VLM Role and Model Evaluation

The project treats the VLM role closer to a vision-language assistant (VLA) focused on scene understanding and interaction, rather than pure vision-and-language navigation (VLN) centered on path planning. The VLM is not required to output precise position estimates, especially when depth sensing is not available; a coarse distance estimate sufficient to output the next-step instruction is acceptable.

Open-source VLMs were evaluated:

openVLA: produces end-to-end outputs that depend on specific morphology and is therefore unsuitable for the cross-morphology goal.
LLaVA: locally deployable 7B model; spatial perception was insufficient and runtime throughput did not meet requirements (about 1 item/min).
Qwen-72B fine-tuning: collected data by photographing 80+ scenes with corresponding prompt descriptions and fine-tuned via the official API. Fine-tuned deployment costs were too high (about 160 RMB/hour), so that path was abandoned.

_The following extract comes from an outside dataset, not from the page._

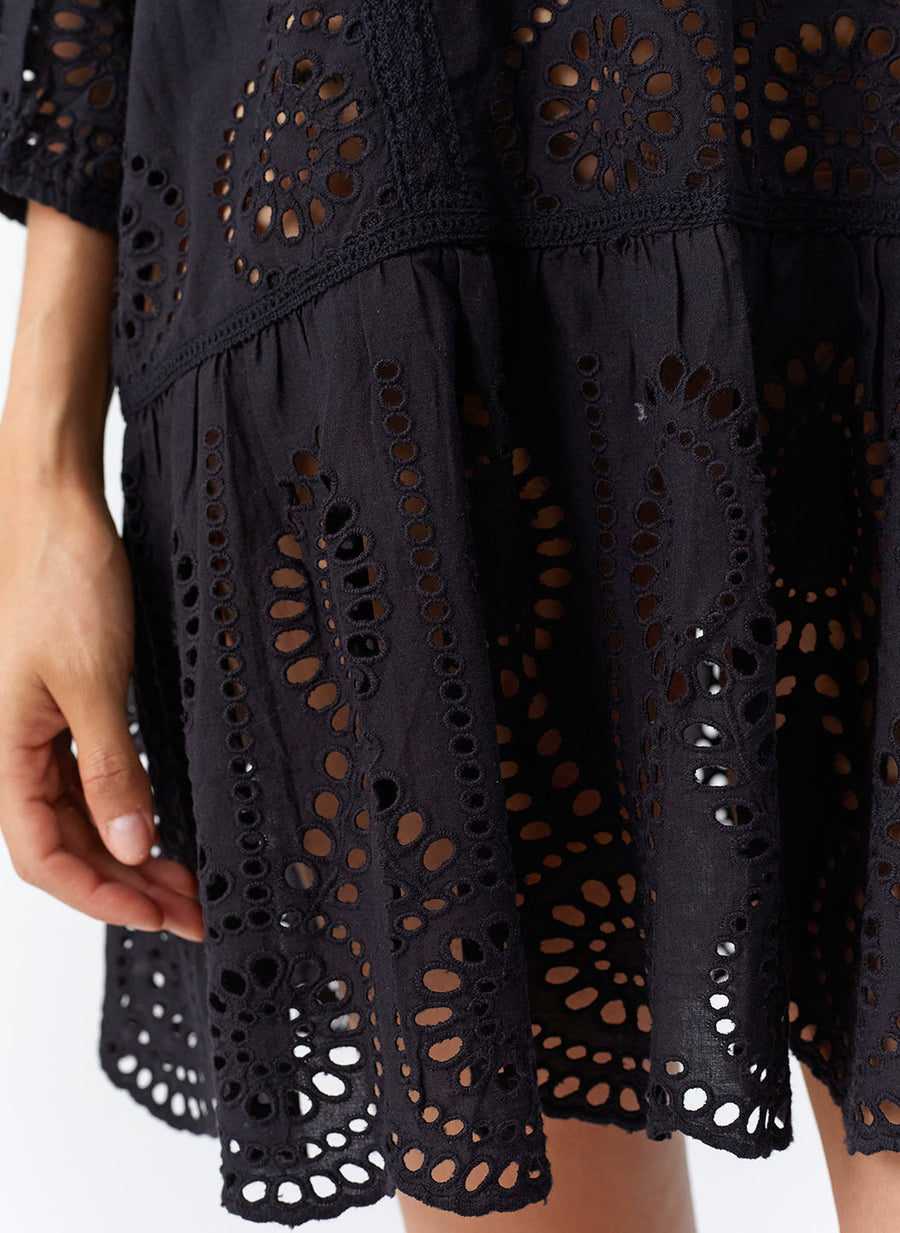 ashley-black-kaftan_closeup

Revised plan: do not require the VLM to estimate exact positions. Instead, have it output coarse distance judgments and the next-step task instruction. The native Qwen-72B model can then satisfy this requirement without expensive fine-tuning.

Low-Level Mapping and RL

The goal is to map intermediate action instructions to robot joint angles and torques, and, when possible, make this mapping cross-morphology. This requires addressing variable-length output issues before cross-morphology low-level mapping can be considered verified.

The RL effort focuses on the quadruped robot. A Mujoco simulation environment was implemented using Stable-Baselines3 to train policies. Basic requirements include stable straight walking and turning. Given the low frequency of the VLM (about 1 item/s), an additional velocity-tracking controller is required for real-time obstacle avoidance; this component is also implemented via RL.

Project Timeline

Week 1: Build simulation scenes; model and control tests for legged and wheeled robots.
Week 2: Build high-level VLM; complete multimodal control input and achieve intermediate instruction generation accuracy > 80%; perform sim-to-real optimization and demo on X5 RDK wheeled platform.
Week 3: Deploy low-level quadruped PPO policy training in simulation; initial cross-morphology task tests.
Week 4: Attempt high-precision simulation in 3dgs scenes.

Current Status and Objectives

Simulation environment setup and model construction are complete. Next steps prioritize data acquisition, reinforcement training, and real-world deployment. The objective is to complete the translation from natural language to intermediate action instructions and demonstrate morphology-agnostic behavior for simple tasks such as locomotion.